Governo Di Maio – Se per tutti è certo che il primo partito in termini percentuali sarà il Movimento 5 Stelle, altrettanto sicura appare la non autosufficienza della brigata parlamentare pentastella per sostenere il proprio capo politico, Luigi Di Maio, alla guida di un governo monocolore. Di Maio ha presentato ieri tutta la squadra di governo. Difficilmente coinciderà con il prossimo esecutivo che presterà giuramento al Quirinale. Guardando ai nomi, quasi tutti tecnici, si ha però la conferma che il movimento sia realmente intenzionato a intavolare un dialogo con le altre forze, in particolare a sinistra. Se è fantapolitica immaginare che Renzi sostenga un governo a 5 stelle, meno irreale è l’ipotesi di una collaborazione con Leu. La presidente della Camera Laura Boldrini è del tutto contraria all’ipotesi, ma Grasso non è così categorico e Bersani aveva già provato, da segretario del Pd, a governare con l’assenso dei 5 Stelle.

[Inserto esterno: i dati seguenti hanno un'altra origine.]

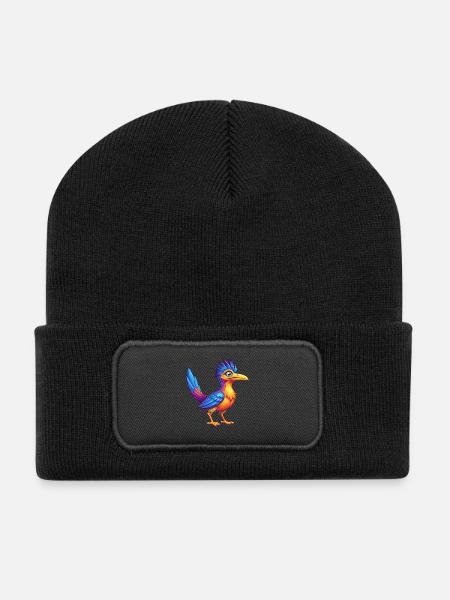 Roadrunner Bunte Kawaii Cartoon Figur Vogel - Recycelte Patch Beanie - Schwarz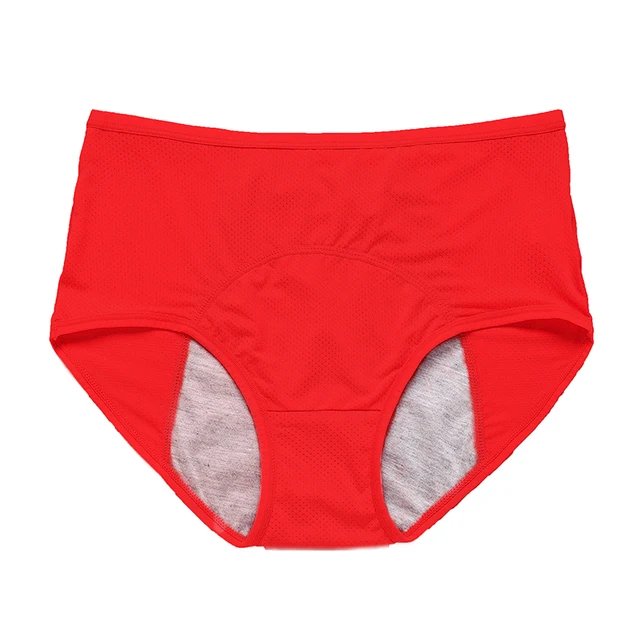 Majtki menstruacyjne damskie, wodoodporne, duże rozmiary L-8XL Czerwony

Se il movimento avrà forza sufficiente per pretendere e ottenere da Mattarella l’incarico di governo, non solo Leu ma anche qualche pezzo del Pd e altri parlamentari sparsi potrebbero convergere sulla proposta di Di Maio. Non è tra le più accreditate delle ipotesi, ma se si verificasse, anche qui i partner europei hanno poco da temere. Da tempo il movimento ha relegato l’uscita dall’euro a estrema ratio, nel caso in cui non si riuscisse a negoziare un allentamento dei vincoli di bilancio. E un’ulteriore rassicurazione arriva dal loro ministro designato per l’Economia, Andrea Roventini, che assicurava al Sole 24 ore: “Nel nostro Def non ci sarà spazio per idee bizzarre o utopistiche, ma di certo porremo maggiore attenzione al tema della crescita e degli investimenti pubblici, mantenendo comunque l’equilibrio dei conti pubblici”.
Governo Lega-M5s – Quello di un esecutivo guidato dal tandem Lega-Movimento 5 stelle è lo scenario che più terrorizza le capitali europee, ma anche questo, sebbene possibile, non sembra al momento tra i più probabili. Non tanto perché da entrambi i lati l’ipotesi è esclusa con forza – anche se in passato Salvini qualche apertura l’aveva fatta – ma perché i due gruppi parlamentari da soli non avrebbero la maggioranza e difficilmente riuscirebbero a coinvolgere altre formazioni, oltre a quella di Giorgia Meloni.
Il programma di un simile governo sarebbe il più indigesto a Bruxelles, trattandosi delle forze più euroscettiche dell’arco parlamentare. Mancherebbe il freno di Forza Italia alle spinte sovraniste della Lega. La riforma delle pensioni, cui entrambi i movimenti puntano, potrebbe trovare un equilibrio non gradito ai partner europei. Il rispetto del limite del 3% per il rapporto deficit/Pil non sarebbe considerato così vincolante da un governo giallo-verde. L’attuazione della direttiva Bolkestein sulle licenze pubbliche rischierebbe di rimanere disattesa, a anche la legge che recepisce quella sul bail-in potrebbe essere rivista. In poche parole, un governo Lega-M5s sarebbe un incubo per molti, molti che tirano un sospiro di sollievo a immaginare che questa sia la più remota delle ipotesi. Basteranno appena un paio di giorni per scoprire come andrà.